Scientific and Technological Objectives

The project is articulated in four main areas whose activities are strongly intertwined. The initial phase of the project will deal with collecting actual data from existing, live systems and analyzing them with a variety of formal tools, eventually inferring models that are able to capture the essential features of the emergent dynamics, and explain how they might arise from the interactions of single agents. The inferred models of the emergent dynamics will be subsequently used to develop simulations that will allow the formulation of design strategies targeted at attaining a specific global behavior.


To learn more about the TAGora project, check out the TAGora Project Presentation report.

Emergent metadata

The initial phase of the project will deal with collecting actual raw data from existing, live systems. By “raw data” we mean the emergent metadata that arise because of agent interactions in online social communities, as described in the introduction. Several online communities are readily accessible over the web: for a selected set of these systems, tools will be developed and deployed to harvest the relevant data, metadata and temporal dynamics, and to store the acquired information in a form amenable for data analysis.

Data analysis of emergent properties

Examining quantitative aspects of folksonomy is a highly important area of research. Our objective is the set up of several protocols of data analysis to be performed on the raw data sets. A data analysis protocol is defined by: (1) indicating a specific quantity / observable / estimator suitable of a quantitative measure on the raw data sets; (2) acquiring the existing software tools, or developing new specific tools, needed to perform the measure; (3) extracting the relevant statistical information characterizing the analyzed data sets.

The aim of the data analysis is to identify and quantify emergent properties of the system in study, i.e. properties that can not be simply inferred from the behavior of the single agent.
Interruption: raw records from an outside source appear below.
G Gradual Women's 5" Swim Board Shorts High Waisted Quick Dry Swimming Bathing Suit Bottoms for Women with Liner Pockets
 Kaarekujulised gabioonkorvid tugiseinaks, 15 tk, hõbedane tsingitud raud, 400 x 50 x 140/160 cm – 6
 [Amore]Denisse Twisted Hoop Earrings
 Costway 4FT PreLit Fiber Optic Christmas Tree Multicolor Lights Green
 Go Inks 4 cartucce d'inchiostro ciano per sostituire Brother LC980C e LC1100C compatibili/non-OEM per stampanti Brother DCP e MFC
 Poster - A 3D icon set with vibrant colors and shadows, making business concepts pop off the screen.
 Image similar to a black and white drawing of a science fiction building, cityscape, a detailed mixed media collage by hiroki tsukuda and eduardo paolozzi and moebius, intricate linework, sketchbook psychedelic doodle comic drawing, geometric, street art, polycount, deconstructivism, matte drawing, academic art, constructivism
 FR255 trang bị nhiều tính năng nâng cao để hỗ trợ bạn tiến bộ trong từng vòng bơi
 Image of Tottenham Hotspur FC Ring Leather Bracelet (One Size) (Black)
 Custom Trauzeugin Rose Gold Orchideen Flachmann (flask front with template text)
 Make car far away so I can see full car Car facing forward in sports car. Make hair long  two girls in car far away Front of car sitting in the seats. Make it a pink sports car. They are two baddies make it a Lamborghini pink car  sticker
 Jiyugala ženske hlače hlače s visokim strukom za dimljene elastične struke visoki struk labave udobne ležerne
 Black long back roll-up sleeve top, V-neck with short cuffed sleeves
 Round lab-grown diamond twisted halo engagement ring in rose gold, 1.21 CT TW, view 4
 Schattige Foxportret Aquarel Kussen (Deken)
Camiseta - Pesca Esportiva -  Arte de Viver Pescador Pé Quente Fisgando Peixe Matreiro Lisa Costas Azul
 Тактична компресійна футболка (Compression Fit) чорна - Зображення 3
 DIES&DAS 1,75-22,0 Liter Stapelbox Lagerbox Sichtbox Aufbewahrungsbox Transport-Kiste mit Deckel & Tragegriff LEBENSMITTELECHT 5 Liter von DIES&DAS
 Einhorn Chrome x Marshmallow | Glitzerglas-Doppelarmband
Beyond suggesting the collection of new or more refined raw data, the results of the data analysis will be used to

  • identify general features common to the different systems in study
  • characterize/discriminate the specific features of different systems in study
  • orient the modelling phase of the research project (see below)
  • providing benchmarks to test/improve existing systems or to suggest the creation of new more performing systems

Modeling and simulations

The objectives of this research area are twofold:

  • understanding complexity: develop models that captures the essence of the emergent dynamics and explain how it might arise from the interactions of single agents
  • taming complexity: formulate design strategies that allow controlling the behavior of the system at the emergent level by suitably choosing the microscopic dynamics of the interacting agents

One of the most important goals is to construct, implement and study specific modeling schemes aiming at reproducing, predict and control the emergent properties seen in the semiotic dynamics orchestrated in on-line communities. We plan in particular a modeling activity at different scales. On the one hand it will be important to construct microscopic models of communicating agents performing language games without any central control. At a different scale we shall consider more coarse-grained probabilistic models. Several models will be proposed to address specific aspects/scales of folksonomy. The models will allow computer simulation aimed at measuring emergent features to be compared with the results of the data analysis activity. The simulations should give an insight in how users select tags, what kind of categories and category structures underlying the evolving system of tags, how categories and tags are related to the objects being tagged, etc. It will also give information on what kind of more global structures (such as the most frequent tags) can be provided to users to optimize their on-line community infrastructure. The models will require components for assigning or adopting tags, categorizing data, and collective dynamics. However the approach will be to keep the models as simple as possible, identifying the minimal ingredients responsible for the emergent properties. The minimal character of the models should make a more analytical mathematical study feasible.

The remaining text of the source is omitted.